L’étude malacologique (des mollusques) met en évidence l’enregistrement de deux interstades séparés par un stade caractérisé par une forte baisse de la température, un net appauvrissement de la végétation locale et la disparition de la forêt environnante. Elle permet de caractériser le paléoenvironnement local au moment des occupations humaines D3b-3 à D3b-1, montrant que ces occupations sont contemporaines d’optimums de température.

Du fait de l’importante décarbonation des niveaux D3b.4 et D3b.5, l’étude malacologique n’apporte que peu d’éléments.

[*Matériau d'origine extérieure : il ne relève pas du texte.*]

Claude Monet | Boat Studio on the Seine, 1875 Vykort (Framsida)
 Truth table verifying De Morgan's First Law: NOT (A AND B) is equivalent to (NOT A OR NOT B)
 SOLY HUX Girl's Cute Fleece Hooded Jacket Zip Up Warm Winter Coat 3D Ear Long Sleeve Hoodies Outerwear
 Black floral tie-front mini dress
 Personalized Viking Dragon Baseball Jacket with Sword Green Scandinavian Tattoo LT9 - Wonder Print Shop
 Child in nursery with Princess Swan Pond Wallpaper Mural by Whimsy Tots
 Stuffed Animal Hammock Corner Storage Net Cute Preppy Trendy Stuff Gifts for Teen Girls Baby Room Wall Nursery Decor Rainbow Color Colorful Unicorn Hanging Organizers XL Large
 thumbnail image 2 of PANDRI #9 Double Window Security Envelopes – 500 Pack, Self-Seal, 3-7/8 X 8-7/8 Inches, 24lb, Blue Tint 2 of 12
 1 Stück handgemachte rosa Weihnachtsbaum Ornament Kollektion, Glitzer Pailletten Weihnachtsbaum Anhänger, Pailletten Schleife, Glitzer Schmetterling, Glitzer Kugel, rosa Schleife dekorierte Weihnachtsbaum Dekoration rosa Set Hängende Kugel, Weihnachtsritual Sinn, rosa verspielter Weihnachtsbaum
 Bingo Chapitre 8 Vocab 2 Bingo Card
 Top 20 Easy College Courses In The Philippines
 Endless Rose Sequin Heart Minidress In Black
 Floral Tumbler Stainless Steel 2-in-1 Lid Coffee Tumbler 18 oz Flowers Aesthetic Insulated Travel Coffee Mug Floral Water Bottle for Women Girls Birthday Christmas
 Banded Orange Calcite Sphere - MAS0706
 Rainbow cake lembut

Petit à petit, les pièces du puzzle se mettent en place grâce aux disciplines connexes de l’archéologie qui interrogent les sciences de la Terre, les sciences naturelles, les sciences physico-chimiques… Les résultats de ces travaux permettent une appréhension de plus en plus fine des conditions environnementales et des modes de vie de ces populations itinérantes qui ont fréquenté la dune du Rozel, il y a environ 80 000 ans.

Empreintes dans les niveaux sableux interstratifiés inter D3b.3 / D3b.4 d : poinçonnements d’un pied de cheval (© D. Cliquet).

Scapula issue des niveaux interstratifiés compris entre D3b.3 et D3b.4 (© D. Cliquet).

Fragment de lame issus du niveau D3b.4 (© D. Cliquet).

* Étude taphonomique : observations effectuées sur la manière dont ont évolué les sédiments et les vestiges qu’ils incorporent entre le moment où les Paléolithiques ont quitté le massif dunaire et le moment où nous mettons au jour ces vestiges.